4.1.4 Child Headed Household: The subject of child headed household as a beneficiary category needs to be crossed with the department of social development. There is an estimated three million orphaned and vulnerable children in the country. 2.5 million orphaned and vulnerable children stay in kinship arrangement, another 264,000 are in foster parent arrangements and 500 children are in legal adoptions. Thus the majority of orphan and vulnerable children are residing in kinship arrangement. Policy intervention should rather focus on orphan and vulnerable children in kinship arrangements.

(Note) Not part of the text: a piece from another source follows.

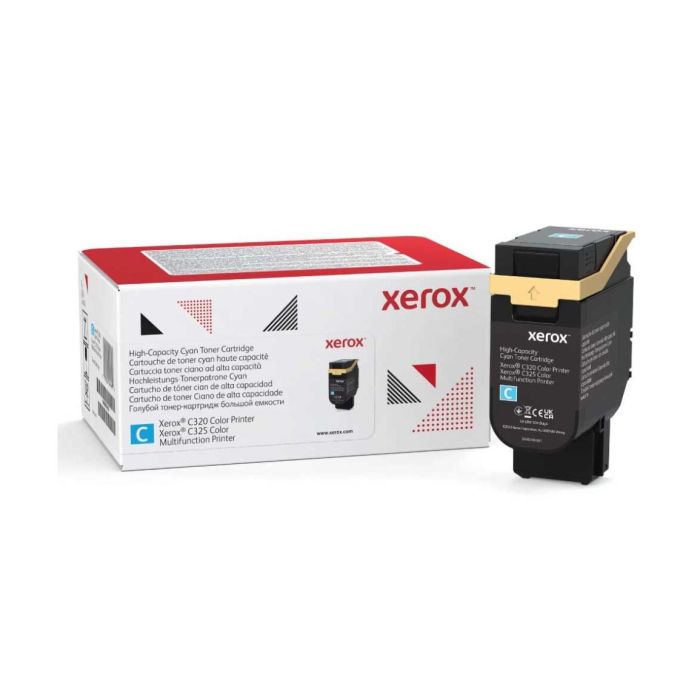 XEROX cian toner za 5500 strani XEROX cian toner za 5500 strani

4.1.5 Military Veterans: The subject of military veterans are as a prioritized category. Military veterans are currently receiving pension benefits & health benefits through the department of military veterans (DMV). DMV also pays for their dependents schooling, college and university tuition, accommodation and living allowances. The same department is also assisting them to acquire houses. We encourage DHS and DMV to find synergies that drive efficiencies and avoid double deeping.

4.2 Target group consistency across departments: There are programs across governments that targets low income and poor members of our society. These programs are offered by education, higher education (Nsfas, NIHSS & NRF), social development, health and other departments. There needs to be coherence and consistency in how the category of beneficiary groups is articulated in the different departments. Nsfas is available for children who come from a household that has a combined income of less than R350,000. SASSA has its own means test for beneficiaries of child grants, social relief of distress & R350 grants.

4.3 Migrants and Refugees: Our country has a significant population of migrant population and most of them are undocumented. We encourage the department to explore options for docu00mented, poor and vulnerable migrants and refugees. The department should also take note that DHA through its recently published white paper is exploring to withdraw from some international treaties & protocols, then re-enter with exemptions. Exemptions may qualify services that migrants and refugees may qualify for in our country. There should be synergy between DHS and DHA in this area.

4.4 Urban Homeless People: There is a growing and unattended population of homeless people staying in the streets in our cities. There is no policy that is covering this growing need and neither is there a department that is taking responsibility to articulate a clear policy to guide local government.